**Problem description:** Everything in the records must appear again exactly, except the images.

**Recorded data:**
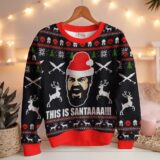 Hooktab 300 Sparta "This Is Santaaa" Ugly Christmas Sweater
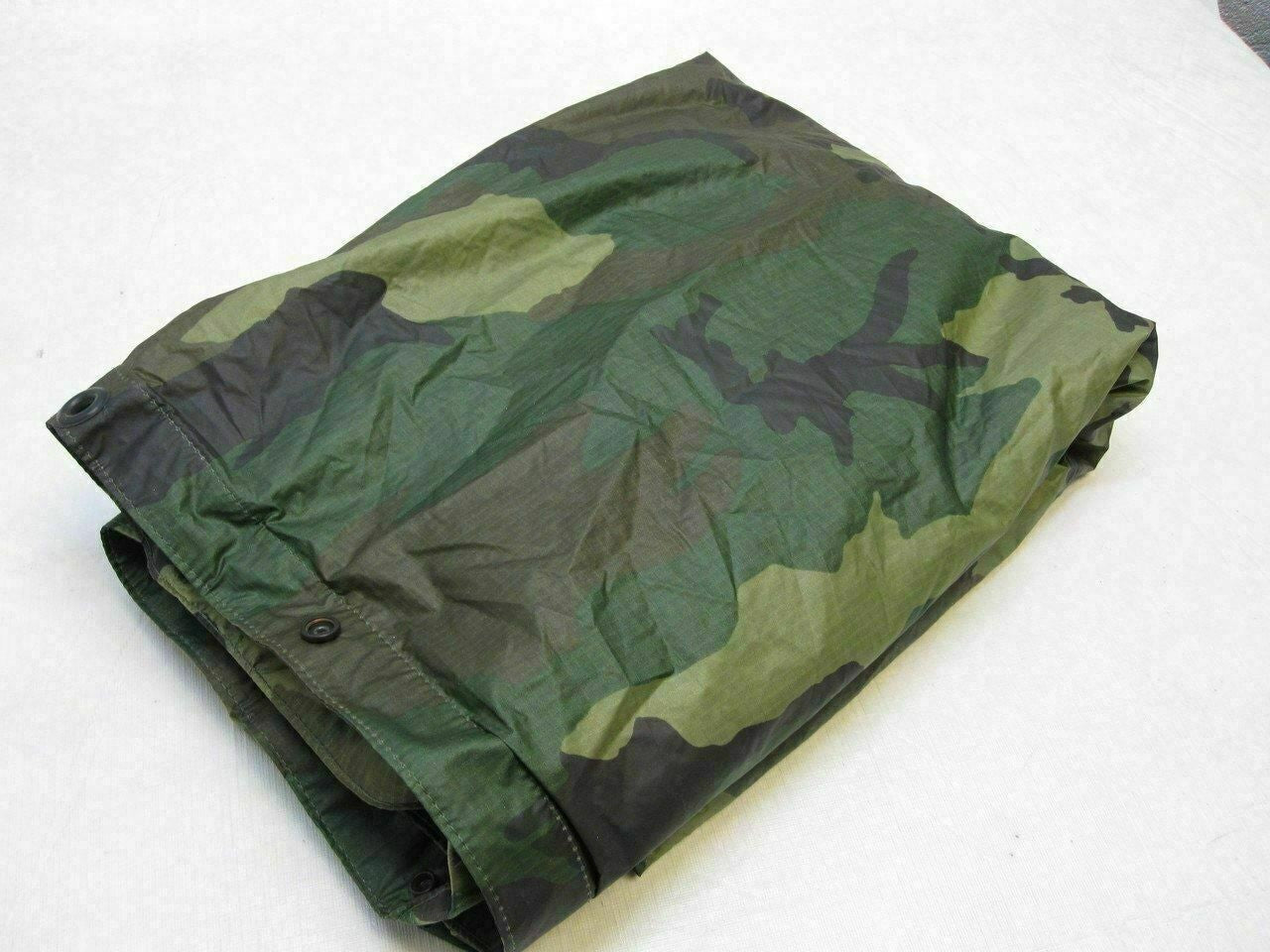 NEW USGI WOODLAND MILITARY PONCHO WET WEATHER RAIN GEAR 8405-01-100-0976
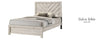 King Complete Bed Valorie White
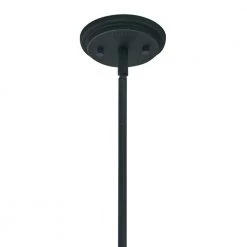 Grand Bank 4-Light Auburn Stained Wood and Distressed Black Metal Farmhouse Dining Room Globe Chandelier by KICHLER -Kichler Sales auburn stain black kichler chandeliers 43185aub 1f 1000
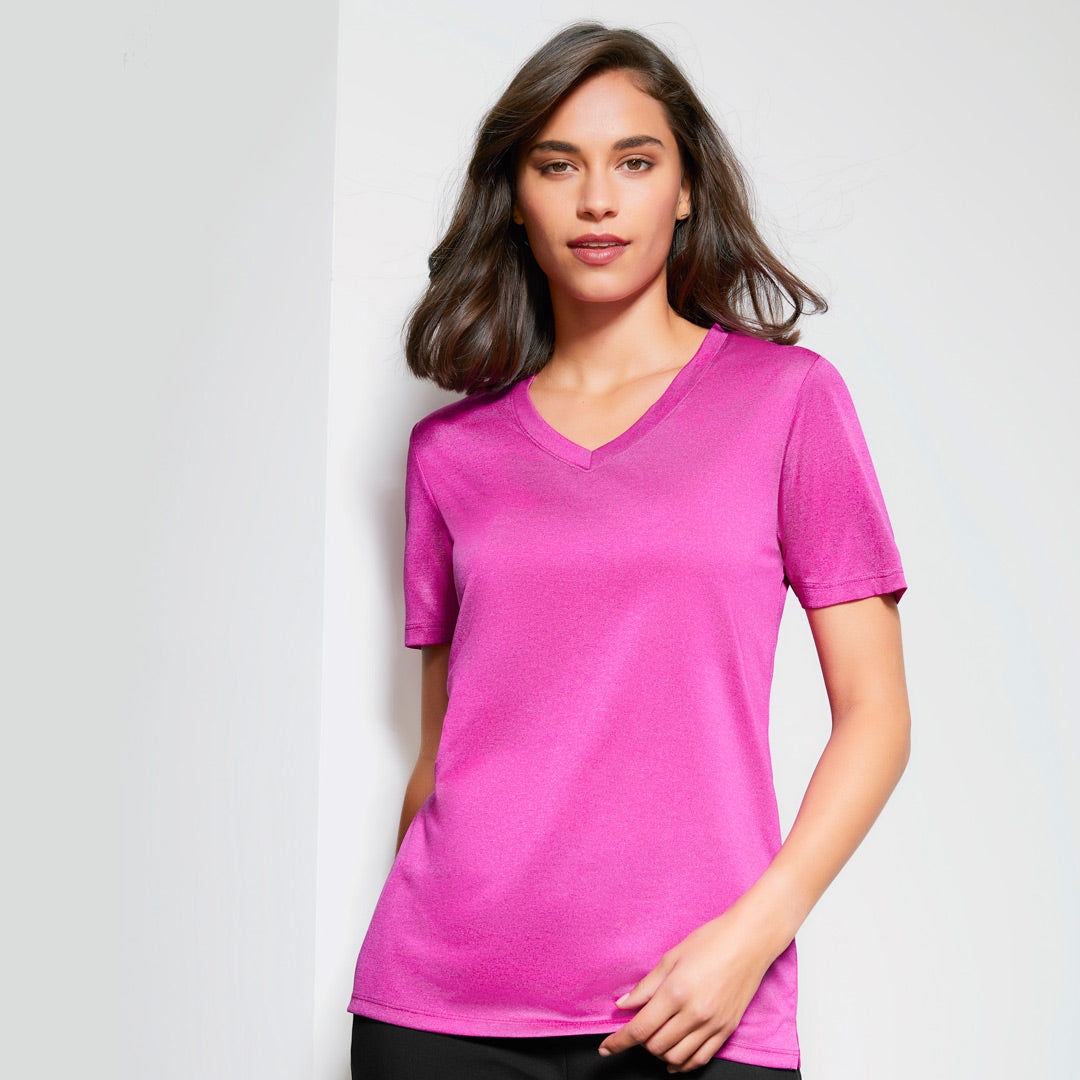 House of Uniforms The Aero Tee | Ladies | Short Sleeve Biz Collection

**Answer space:**
 Hooktab 300 Sparta "This Is Santaaa" Ugly Christmas Sweater
 NEW USGI WOODLAND MILITARY PONCHO WET WEATHER RAIN GEAR 8405-01-100-0976
 King Complete Bed Valorie White
 Grand Bank 4-Light Auburn Stained Wood and Distressed Black Metal Farmhouse Dining Room Globe Chandelier by KICHLER -Kichler Sales auburn stain black kichler chandeliers 43185aub 1f 1000
 House of Uniforms The Aero Tee | Ladies | Short Sleeve Biz Collection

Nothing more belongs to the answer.